# EXERCISE DETAILS
Print exactly what appears from the line containing "Demência vascular" through the final line of the data below, pictures excluded.

----------------------------------------

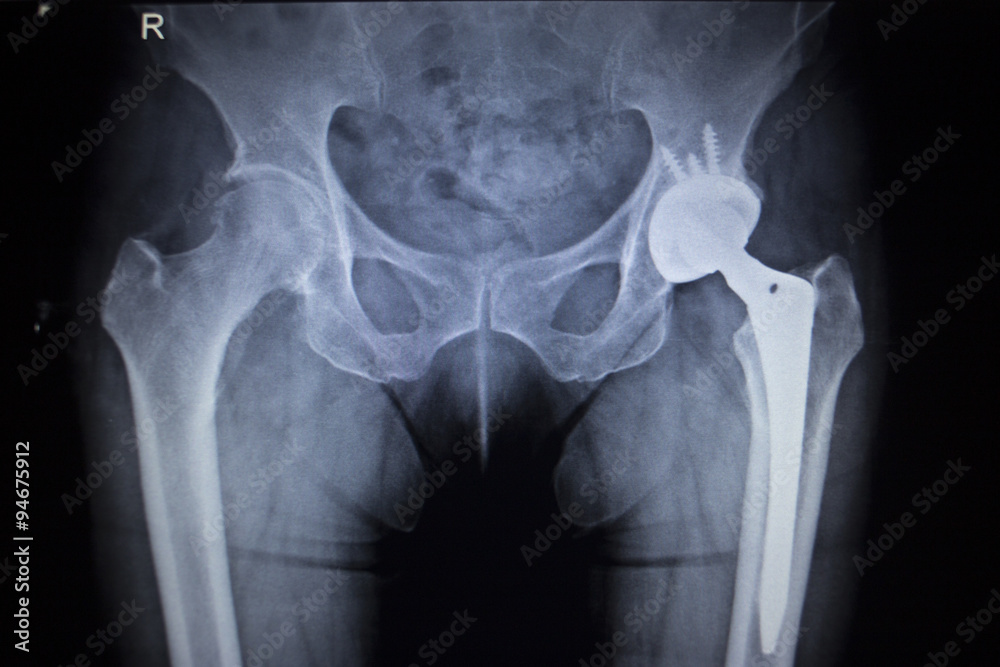 X-ray scan image of hip joint replacement orthopedic implant Stock ...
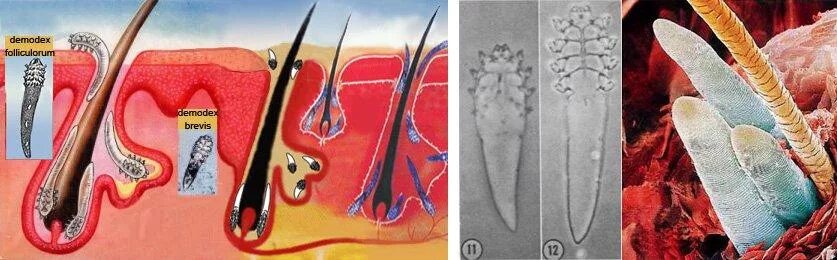 Вы ЭТО должны увидеть (фото клеща демодекс) - Demodex Complex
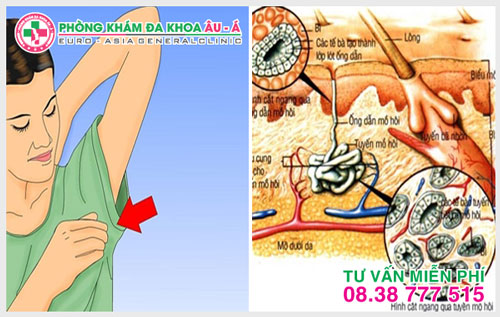 Nguyên nhân nào dẫn đến bệnh hôi nách?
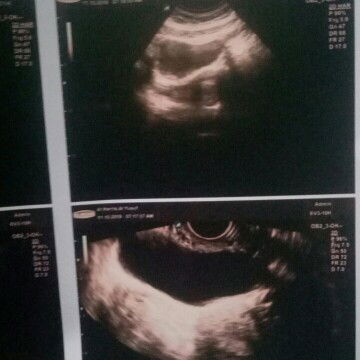 hasil usg keguguran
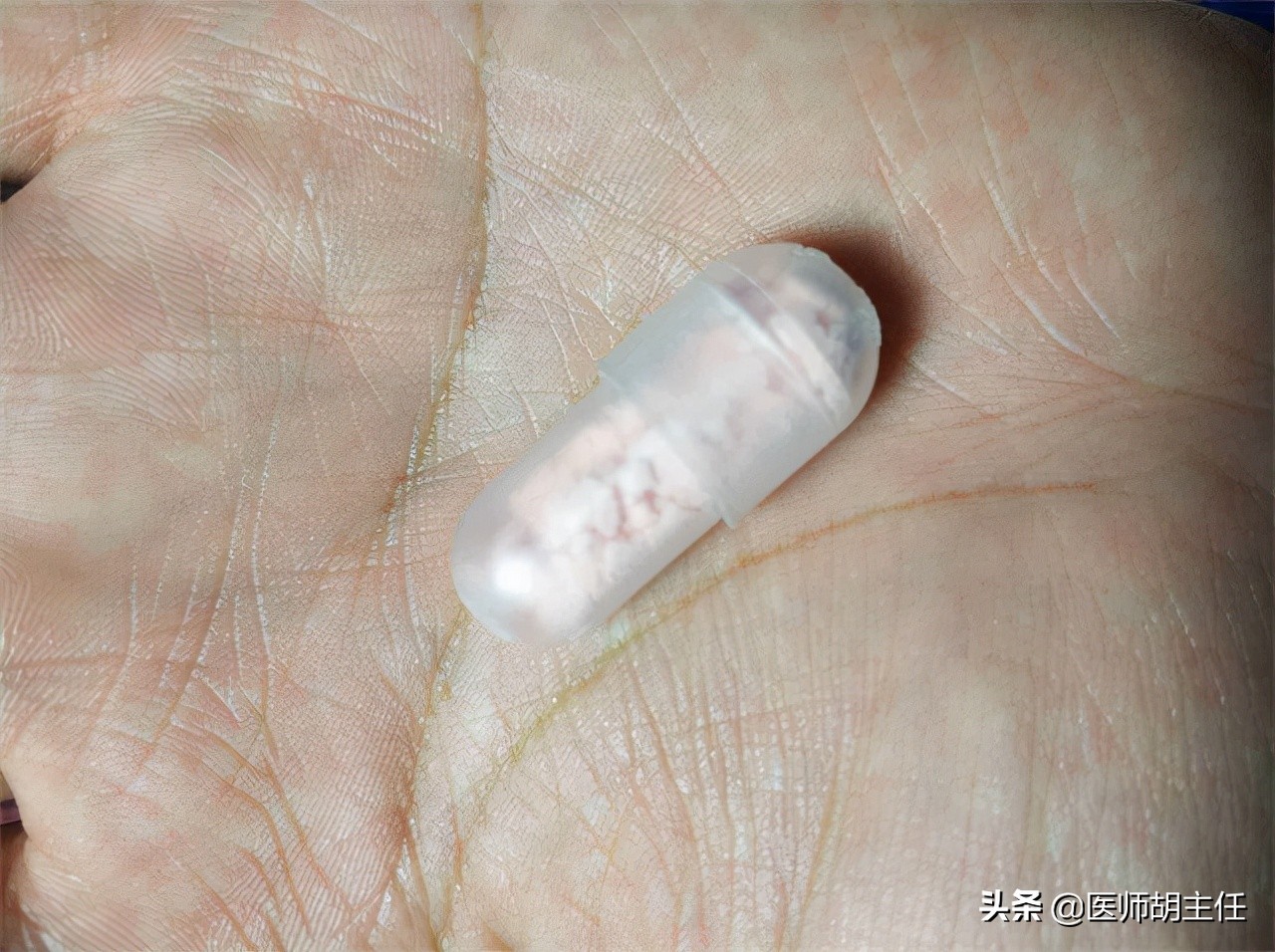 有一种痛，叫口腔溃疡！医生提醒：牢记这几招，促进口腔溃疡愈合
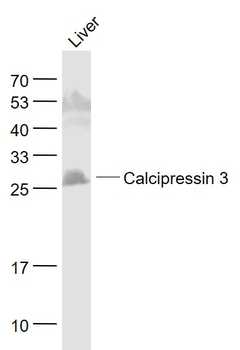 Calcipressin 3 Rabbit Polyclonal Antibody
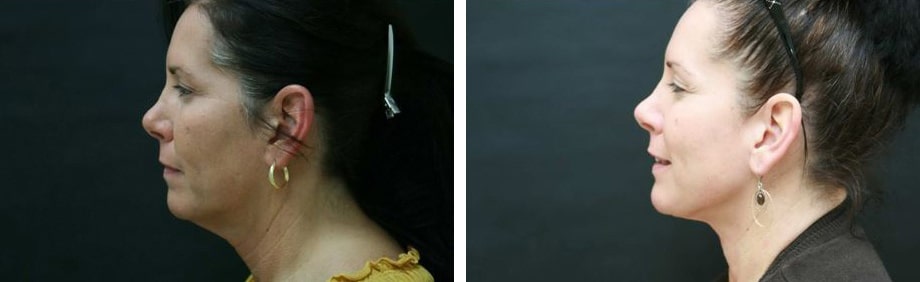 Before and After Image: Liposuction - left-side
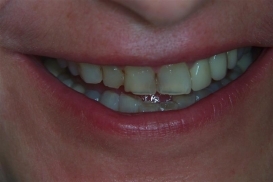 case_0_image_87.JPG"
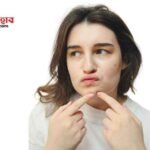 মেয়েদের মুখের ব্রণ ও কালো দাগ দূর করার ক্রিম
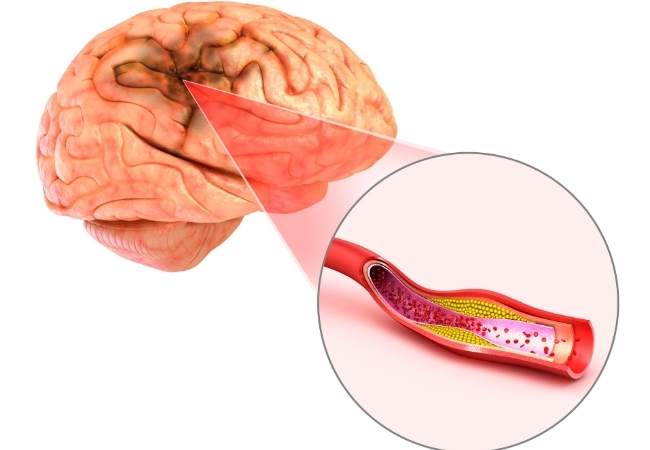 Demência vascular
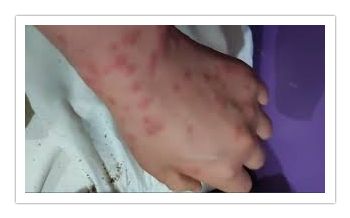 빈대 부작용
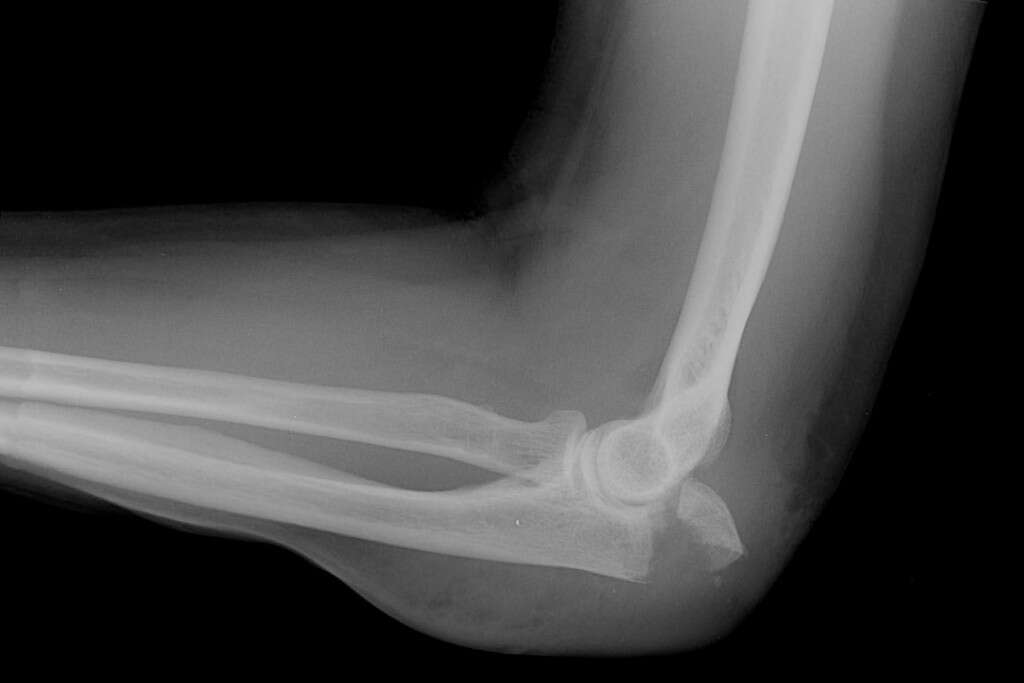 Broken Elbow 10 Broken Elbow Symptoms 7663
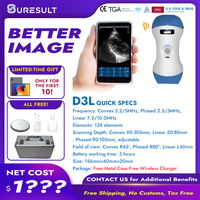 Sistema de ultrasonido de matriz en fase inalámbrico Suresult para uso médico de múltiples manijas Doppler de color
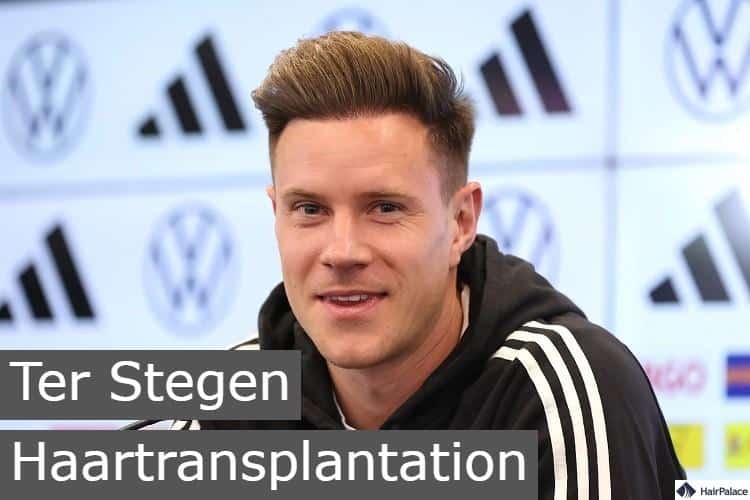 ter stegen haartransplantation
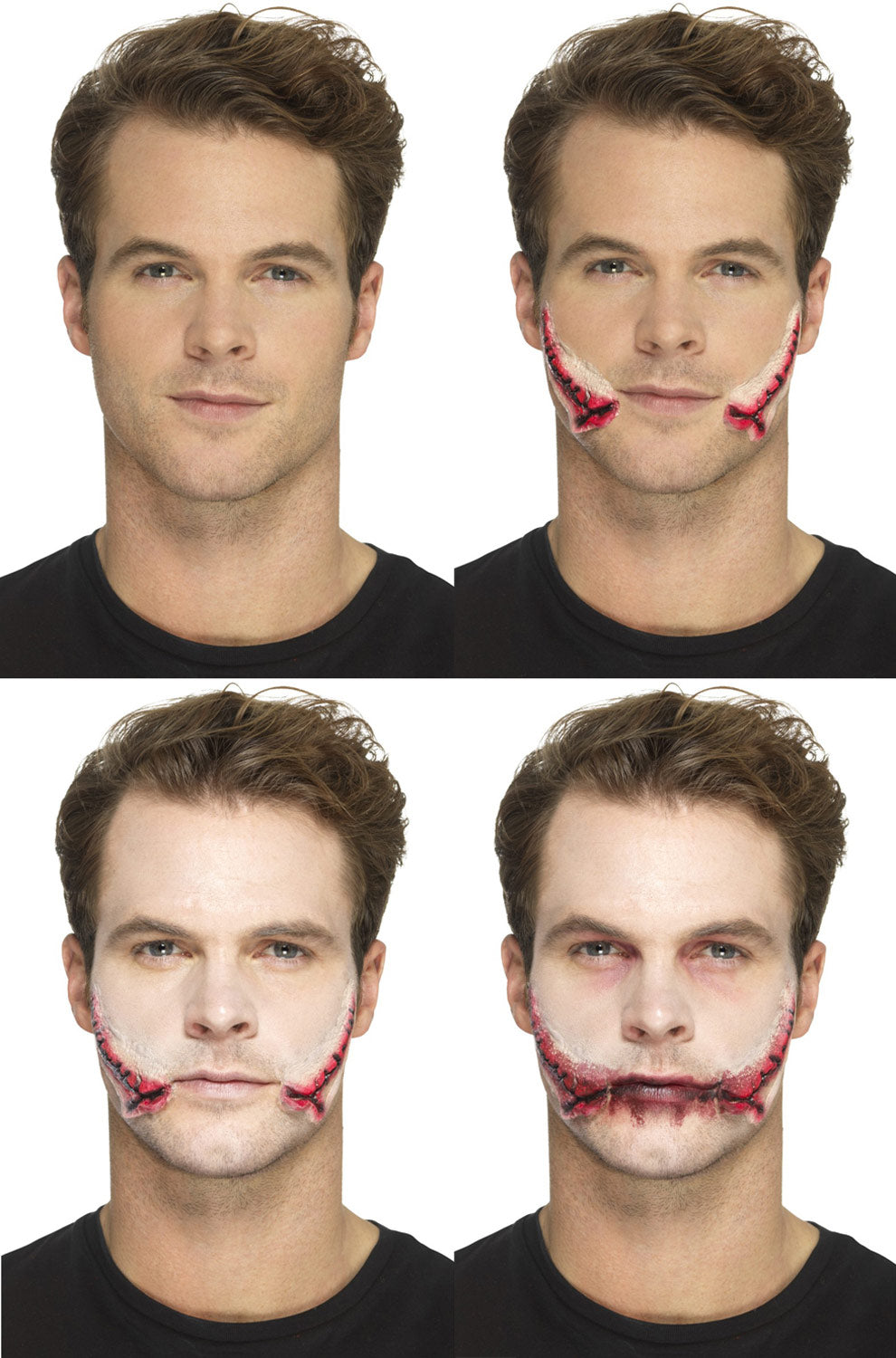 Stitched Smile Prosthetic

----------------------------------------

# RESPONSE BELOW
 Demência vascular
 빈대 부작용
 Broken Elbow 10 Broken Elbow Symptoms 7663
 Sistema de ultrasonido de matriz en fase inalámbrico Suresult para uso médico de múltiples manijas Doppler de color
 ter stegen haartransplantation
 Stitched Smile Prosthetic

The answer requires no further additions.